**Dataset records**
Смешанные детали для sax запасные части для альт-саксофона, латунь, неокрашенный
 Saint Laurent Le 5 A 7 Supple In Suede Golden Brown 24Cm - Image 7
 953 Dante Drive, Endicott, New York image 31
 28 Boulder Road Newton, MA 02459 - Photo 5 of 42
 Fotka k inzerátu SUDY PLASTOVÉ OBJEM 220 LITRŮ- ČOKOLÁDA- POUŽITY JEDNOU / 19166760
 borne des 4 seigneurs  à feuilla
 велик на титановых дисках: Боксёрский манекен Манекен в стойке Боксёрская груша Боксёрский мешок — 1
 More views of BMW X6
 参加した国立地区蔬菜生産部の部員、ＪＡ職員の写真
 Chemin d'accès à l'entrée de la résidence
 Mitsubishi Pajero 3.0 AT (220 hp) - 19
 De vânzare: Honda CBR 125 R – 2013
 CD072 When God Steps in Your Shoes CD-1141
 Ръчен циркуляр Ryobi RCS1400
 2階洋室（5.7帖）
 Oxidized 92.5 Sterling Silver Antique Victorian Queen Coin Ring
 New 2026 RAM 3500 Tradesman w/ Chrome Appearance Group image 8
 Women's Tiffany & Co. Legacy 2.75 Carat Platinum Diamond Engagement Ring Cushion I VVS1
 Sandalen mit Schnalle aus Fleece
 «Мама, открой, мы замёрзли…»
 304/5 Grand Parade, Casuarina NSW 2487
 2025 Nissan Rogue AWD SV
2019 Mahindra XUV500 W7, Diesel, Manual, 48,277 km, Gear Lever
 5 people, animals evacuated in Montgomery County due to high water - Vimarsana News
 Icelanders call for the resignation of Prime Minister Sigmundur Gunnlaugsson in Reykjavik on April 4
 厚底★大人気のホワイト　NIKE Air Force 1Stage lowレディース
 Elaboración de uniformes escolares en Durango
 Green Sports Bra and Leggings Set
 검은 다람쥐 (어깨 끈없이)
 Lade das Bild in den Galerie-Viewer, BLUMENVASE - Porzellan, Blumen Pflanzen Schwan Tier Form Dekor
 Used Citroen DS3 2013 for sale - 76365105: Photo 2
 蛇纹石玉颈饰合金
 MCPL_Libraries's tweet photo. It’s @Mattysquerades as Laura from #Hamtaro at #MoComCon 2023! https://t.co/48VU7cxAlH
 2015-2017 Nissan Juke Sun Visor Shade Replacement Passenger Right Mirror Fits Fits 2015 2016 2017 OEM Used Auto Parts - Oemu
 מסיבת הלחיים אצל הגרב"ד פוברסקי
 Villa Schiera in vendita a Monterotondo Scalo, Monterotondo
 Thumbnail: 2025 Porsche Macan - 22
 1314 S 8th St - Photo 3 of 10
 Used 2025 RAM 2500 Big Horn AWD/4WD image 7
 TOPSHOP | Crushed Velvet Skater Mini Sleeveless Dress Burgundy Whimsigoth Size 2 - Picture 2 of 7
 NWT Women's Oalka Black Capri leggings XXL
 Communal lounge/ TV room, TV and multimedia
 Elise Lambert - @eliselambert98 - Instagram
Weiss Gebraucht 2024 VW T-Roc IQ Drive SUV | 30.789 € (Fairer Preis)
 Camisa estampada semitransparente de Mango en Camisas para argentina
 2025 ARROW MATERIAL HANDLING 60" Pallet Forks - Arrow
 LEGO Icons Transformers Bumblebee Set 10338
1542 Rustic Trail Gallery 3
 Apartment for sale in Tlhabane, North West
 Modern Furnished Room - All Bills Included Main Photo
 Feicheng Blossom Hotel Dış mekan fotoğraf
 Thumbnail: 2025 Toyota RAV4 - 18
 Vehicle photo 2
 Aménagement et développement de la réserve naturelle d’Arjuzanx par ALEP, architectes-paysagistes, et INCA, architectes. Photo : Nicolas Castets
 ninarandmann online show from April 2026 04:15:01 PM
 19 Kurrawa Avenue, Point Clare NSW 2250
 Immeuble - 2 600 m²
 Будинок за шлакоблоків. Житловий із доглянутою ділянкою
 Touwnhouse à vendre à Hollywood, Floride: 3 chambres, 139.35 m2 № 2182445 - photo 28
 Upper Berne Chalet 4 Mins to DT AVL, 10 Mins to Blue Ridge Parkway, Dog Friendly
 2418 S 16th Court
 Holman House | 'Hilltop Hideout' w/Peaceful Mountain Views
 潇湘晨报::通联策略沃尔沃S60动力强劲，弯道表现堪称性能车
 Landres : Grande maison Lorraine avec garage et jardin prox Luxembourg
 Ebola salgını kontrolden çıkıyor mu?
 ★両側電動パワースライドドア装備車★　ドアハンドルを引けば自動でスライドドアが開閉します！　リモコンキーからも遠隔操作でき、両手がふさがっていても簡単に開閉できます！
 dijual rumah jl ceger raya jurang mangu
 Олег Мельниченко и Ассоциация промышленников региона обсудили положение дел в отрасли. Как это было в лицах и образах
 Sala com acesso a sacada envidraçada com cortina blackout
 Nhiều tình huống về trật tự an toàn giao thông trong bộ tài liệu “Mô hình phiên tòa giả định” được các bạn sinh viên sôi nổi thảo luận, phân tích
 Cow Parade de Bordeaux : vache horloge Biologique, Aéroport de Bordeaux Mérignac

**Task details**
In the listing above, start at the line with "参加した国立地区蔬菜生産部の部員、ＪＡ職員の写真", go on through the line with "5 people, animals", and copy each of those lines exactly; leave out all the rest.

**Exercise result**
 参加した国立地区蔬菜生産部の部員、ＪＡ職員の写真
 Chemin d'accès à l'entrée de la résidence
 Mitsubishi Pajero 3.0 AT (220 hp) - 19
 De vânzare: Honda CBR 125 R – 2013
 CD072 When God Steps in Your Shoes CD-1141
 Ръчен циркуляр Ryobi RCS1400
 2階洋室（5.7帖）
 Oxidized 92.5 Sterling Silver Antique Victorian Queen Coin Ring
 New 2026 RAM 3500 Tradesman w/ Chrome Appearance Group image 8
 Women's Tiffany & Co. Legacy 2.75 Carat Platinum Diamond Engagement Ring Cushion I VVS1
 Sandalen mit Schnalle aus Fleece
 «Мама, открой, мы замёрзли…»
 304/5 Grand Parade, Casuarina NSW 2487
 2025 Nissan Rogue AWD SV
2019 Mahindra XUV500 W7, Diesel, Manual, 48,277 km, Gear Lever
 5 people, animals evacuated in Montgomery County due to high water - Vimarsana News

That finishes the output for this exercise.